How does plotting many points affect the time it takes?
Analyze the time complexity of the following code snippet.
import pandas as pd
import matplotlib.pyplot as plt
n = 1000 # example size
data = pd.DataFrame({
'x': range(n),
'y': range(n)
})
plt.scatter(data['x'], data['y'])
plt.show()
This code creates a scatter plot of n points using pandas and matplotlib.
- Primary operation: Plotting each point on the scatter plot.
- How many times: Once for each of the n points in the data.
As the number of points increases, the time to plot grows roughly in direct proportion.

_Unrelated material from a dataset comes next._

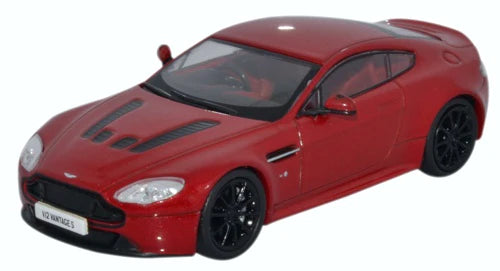 Oxford Diecast AMVT001 - Aston Martin V12 Vantage S Volcano Red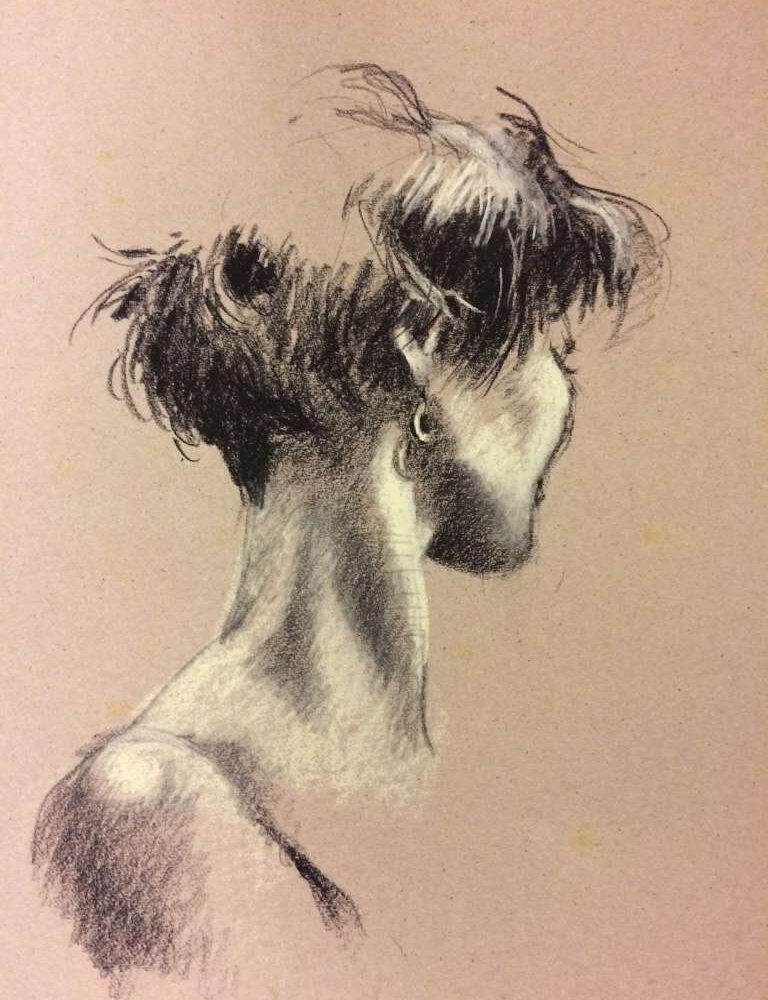 Expressieve houtskool- en krijtschets van Jeroen Coenders met een portret van een vrouw genaamd Jeanette, van achteren en opzij gezien met een focus op haar korte kapsel en halslijn.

| Input Size (n) | Approx. Operations |
|---|---|
| 10 | 10 operations (plotting 10 points) |
| 100 | 100 operations (plotting 100 points) |
| 1000 | 1000 operations (plotting 1000 points) |
Pattern observation: The time grows linearly as the number of points increases.
Time Complexity: O(n)
This means the time to create the scatter plot grows directly with the number of points.
[X] Wrong: "Plotting a scatter plot takes the same time no matter how many points there are."
[OK] Correct: Each point must be drawn, so more points mean more work and more time.
Understanding how plotting time grows helps you explain performance when working with large datasets in real projects.
"What if we used a sampling method to plot only a fraction of points? How would the time complexity change?"